'''

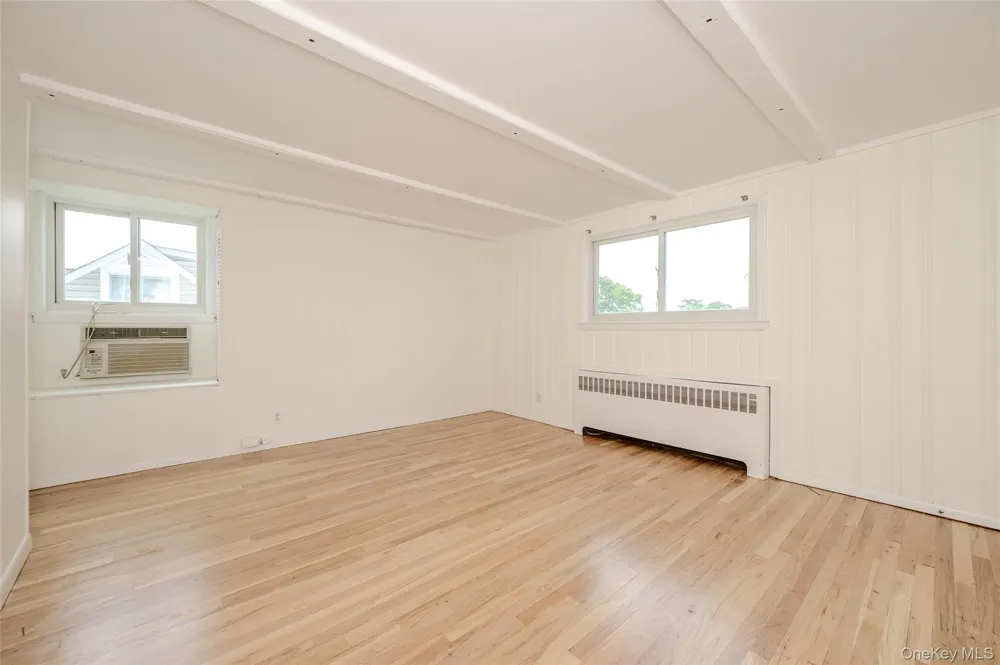 190 W Waukena Avenue Oceanside, NY 11572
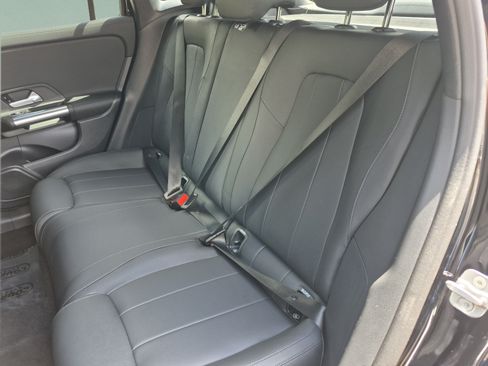 Used 2026 Mercedes-Benz GLA 250 image 19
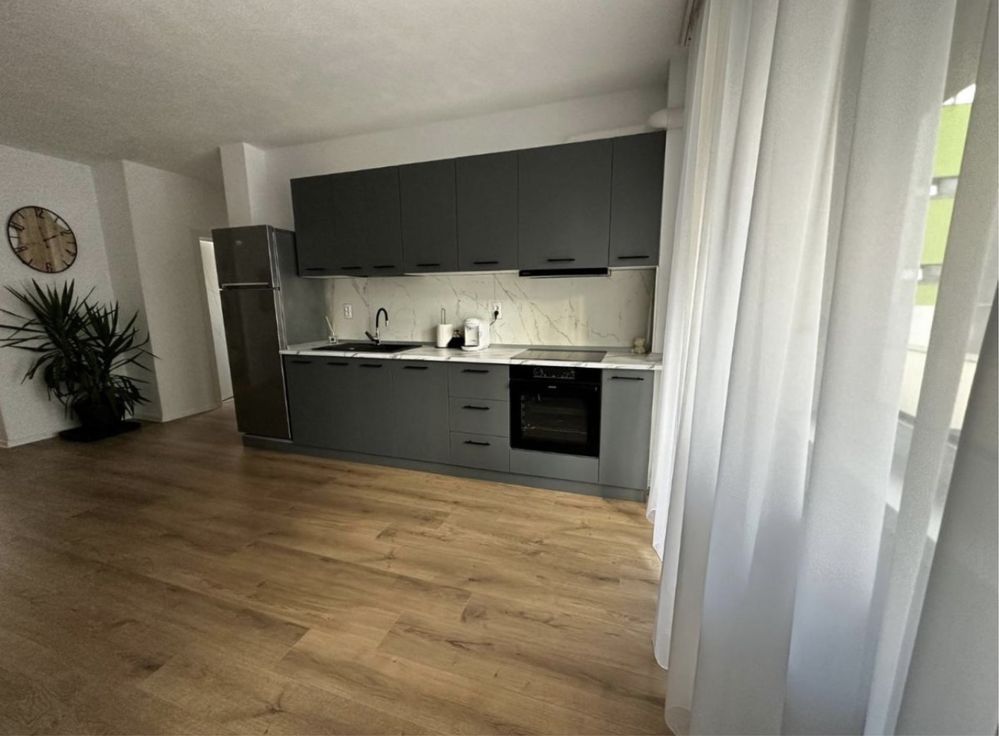 Apartament de vanzare 3 camere 72 mpu mobilat utilat etaj 1 Alba Iulia - Poză 4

'''

■ **TASK BRIEF**:
Omit the pictures, then give all the lines above again exactly.

■ **EXERCISE ANSWER**:
 190 W Waukena Avenue Oceanside, NY 11572
 Used 2026 Mercedes-Benz GLA 250 image 19
 Apartament de vanzare 3 camere 72 mpu mobilat utilat etaj 1 Alba Iulia - Poză 4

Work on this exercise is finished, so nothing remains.